Work item:
Copy out the data below from the line containing "Psychologische Effekte beim" to the line containing "Система государственного регулирования", both lines included, with all images left out.

Entries provided:

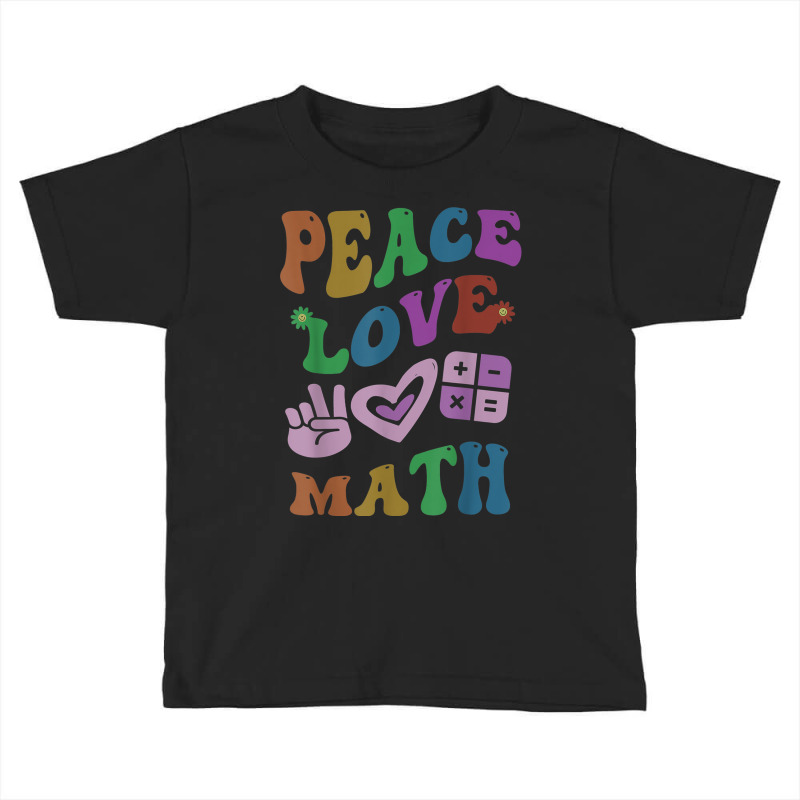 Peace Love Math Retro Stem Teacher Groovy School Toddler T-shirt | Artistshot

--

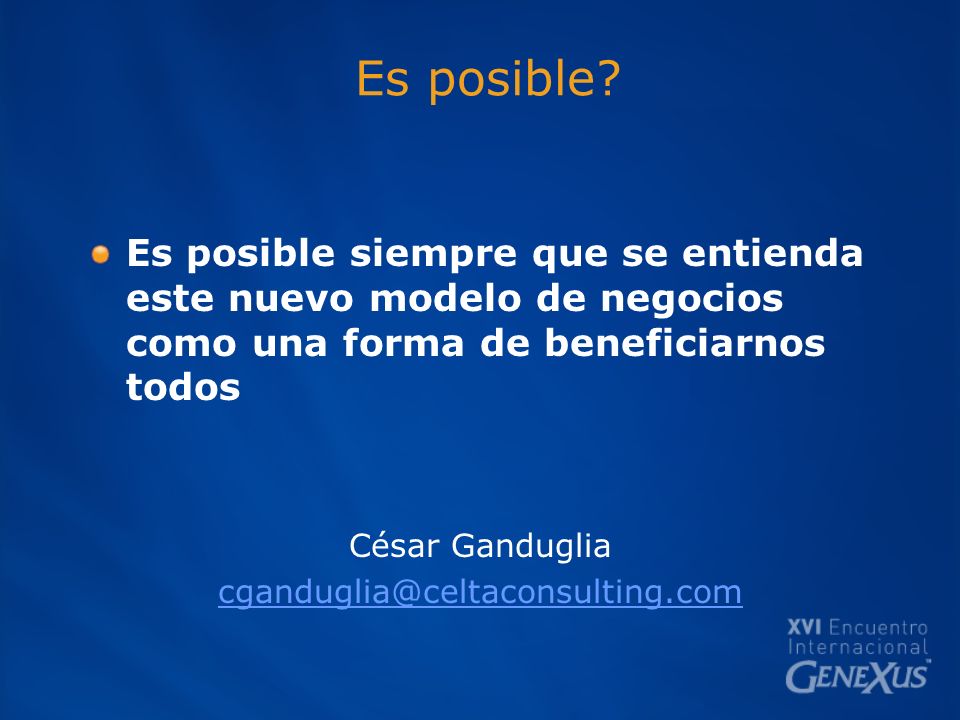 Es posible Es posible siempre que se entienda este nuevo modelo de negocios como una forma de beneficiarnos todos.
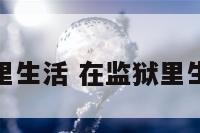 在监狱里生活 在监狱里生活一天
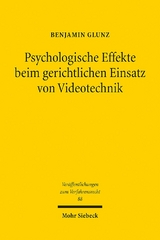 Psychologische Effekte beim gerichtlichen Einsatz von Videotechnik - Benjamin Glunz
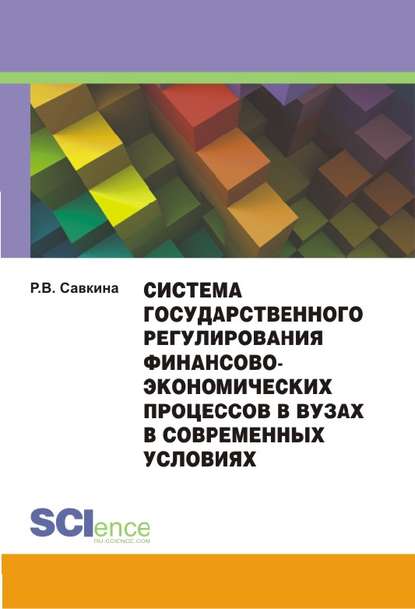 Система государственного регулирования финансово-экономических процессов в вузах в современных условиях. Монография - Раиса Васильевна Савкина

Result of the task:
 Psychologische Effekte beim gerichtlichen Einsatz von Videotechnik - Benjamin Glunz
 Система государственного регулирования финансово-экономических процессов в вузах в современных условиях. Монография - Раиса Васильевна Савкина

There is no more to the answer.